まあ、怒らせると限りなく面倒な人だが、基本的には優しげな人だ。

 

逆鱗に触れないように慎ましく、真面目に仕事をする。

 

仕事の内容はなんてこたあない。

 

読み書きと、簡単な計算ができれば、誰にだってできる仕事だ。

 

でもまあ、俺は爬虫人が話す龍語(王様が言う所のドイツ語)を少し読めるんだ。昔、村の長老に習ったことがあってな。

 

論文などは、龍語で書くことを義務付けられているから、龍語の本も多い。だから、龍語が読めると書店員として重宝される。

 

俺の給料も、銀貨一枚のところ、龍語が読めるからそれに上乗せしてプラス銅貨五十枚もらえる。

 

他にも、獣人の話す獣語、人間の話す人語、エルフの話すエルフ語、ドワーフ語、悪魔語、虫人語、麗国で使われる麗国語、ジパングで使われるジパング語などがある。

 

王様はそれらを、それぞれ、ロシア語、英語、フランス語、ポルトガル語、アラビア語、スペイン語、中国語、日本語と呼んだ。

 

そしてその全ての読み書きを可能だ、とも。

 

王様は強いだけではなく、賢い。

 

そして、王様は、魔人やモンスター娘の為の言語、魔族語を作り、文字や発音の勉強をさせている。

 

魔族語……、王様の言うところのラテン語は、王様が世界中を周りながら広めているそうだ。

 

何故、新しい言葉と文字を覚える必要があるのかと言うと、共通の言葉があると便利だからだそうだ。

 

いずれ、他の国に人々が行き来して、違う国の人々同士が話し合って、友人になれる世界が来ると王様は言っていた。

 

これは、それに向けた教育だ、と。

 

俺達は難しいことは分からないが、王様がそうあれと思うのであれば、俺達は従おう。

 

 

 

昼、またカレーを食べて、品出しして、会計して……。

 

そして、五時の鐘が鳴る頃には仕事が終わる。

 

店長に挨拶して、店を閉める。

 

「はい、今日のお給料」

 

店長に給料をもらって、家族のいる家に帰る。

 

夜道でも、警邏がちらほらと。

 

この街は、安全だ。

 

ただいま。

 

「おかえりなさい」

 

ドアを開けた瞬間、漂うカレーの匂い。

 

それと、肉の匂いだ。

 

「今日は鶏肉が安かったから、タンドーリチキンもあるの。
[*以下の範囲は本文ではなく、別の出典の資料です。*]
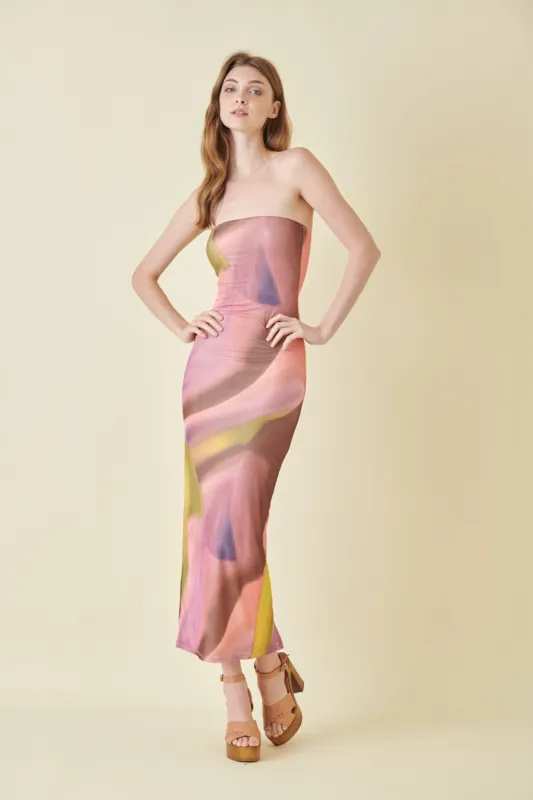 Purple Multi Abstract Mesh Tube Maxi Dress sold by Pinkblush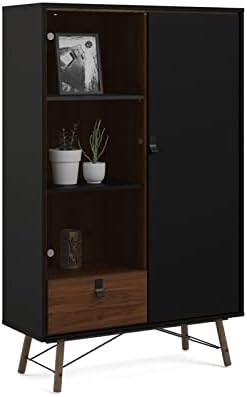 2 Piece Furniture Set with Sideboard and China Cabinet in Black Matte and Walnut L2219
ちょっと奮発しちゃったわ」

 

おお、それは良い!

 

グリーンピースとマッシュルームのカレーに、タンドーリチキン。それと茹で野菜もある。

 

ガキ共と一緒に、いただきます。

 

ナンを千切って、カレーの具を掴むように浸す。

 

あむ……。

 

うむ、やはりこれだな、スパイスが効いていて最高だ。

 

それと鶏肉も……、おお美味い。

 

野菜も良いな、甘いんだ、これが。

 

食後は、パイナップルを摘みつつ、家族と今日あったことについて話し合う。

 

この時間が何より好きなんだ。

 

心が安らぐ。

 

「父ちゃん!それでね、俺はね!」

 

ああ、ああ、聞いているぞ、息子よ。

 

 

 

明日は休日、か。

 

好物のコーヒーを味わいながらも、本を読んでゆったりと過ごすつもりだ。

 

夜には知り合いと飲みに行くのも良いかもしれんな。

 

楽しみだ。

 




殺戮シーンをじっくり書きたいのだが。